A square matrix A is strictly diagonally dominant if for all rows the absolute value of the diagonal element in a row is strictly greater than than the sum of absolute value of the rest of the elements in that row.

In this posting, I show a MATLAB program that finds whether a square matrix is strictly diagonally dominant by using two different methods. These are academic ways to reinforce programming skills in a student.

The MATLAB program can be downloaded as a Mfile (better to download it, as single quotes from the web-post do not translate correctly with the MATLAB editor). The html file showing the mfile and the command window output is also available.
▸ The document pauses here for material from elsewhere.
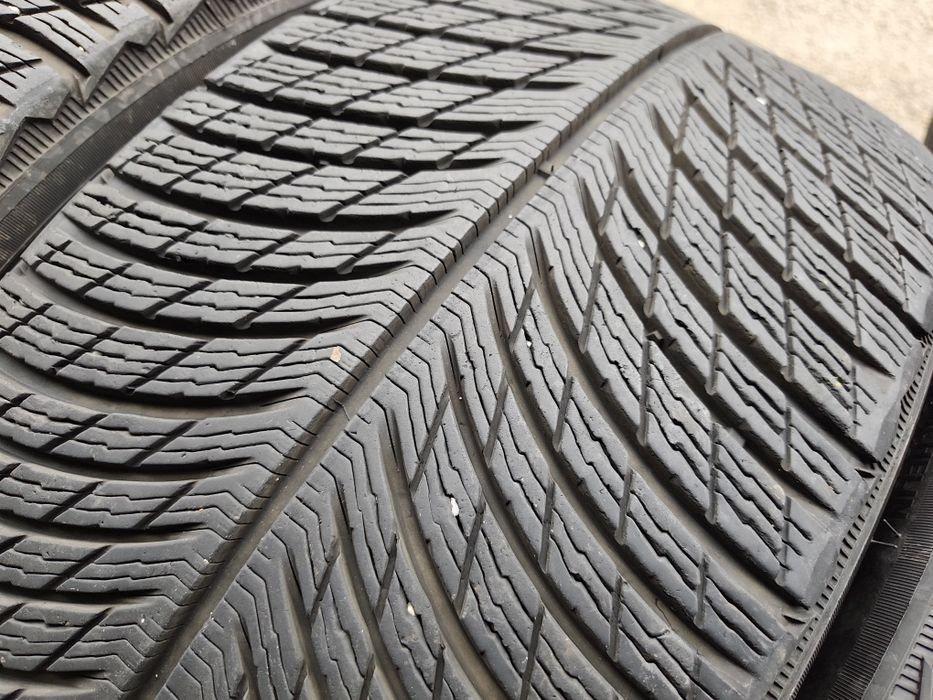 285/40/21" 4бр Michelin pilot alpin 5 suv, dot2224,7mm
%% IS A GIVEN SQUARE MATRIX STRICTLY DIAGONALLY DOMINANT?
% Language : Matlab 2007a
% Authors : Autar Kaw
% Last Revised : November 25, 2008
% Abstract: This program shows you two ways of finding out
% if a square matrix is diagonally dominant. A square matrix is
% diagonally dominant if for all rows the absolute value of the
% diagonal element in a row is strictly greater than than the sum
% of absolute value of the rest of the elements in that row
clc
clear all
disp(‘This program shows you two ways of finding out’)
disp(‘if a square matrix is diagonally dominant. A square matrix is’)
disp(‘diagonally dominant if for all rows the absolute value of the’)
disp(‘diagonal element in a row is strictly greater than than the sum’)
disp(‘of absolute value of the rest of the elements in that row’)
disp(‘ ‘)
%% INPUTS
% The square matrix
A=[-12 1 -7 2;1 3.4 1.1 1.1; 1 0 -4.5 0;10 1 1 10];
disp (‘INPUTS’)
disp(‘Here is the square matrix’)
A
disp(‘ ‘)

%% FIRST SOLUTION
% This is based on finding for how many rows the condition
% the absolute value of the diagonal element in a row is
% strictly greater than than the sum of absolute value
% of the rest of the elements in that row.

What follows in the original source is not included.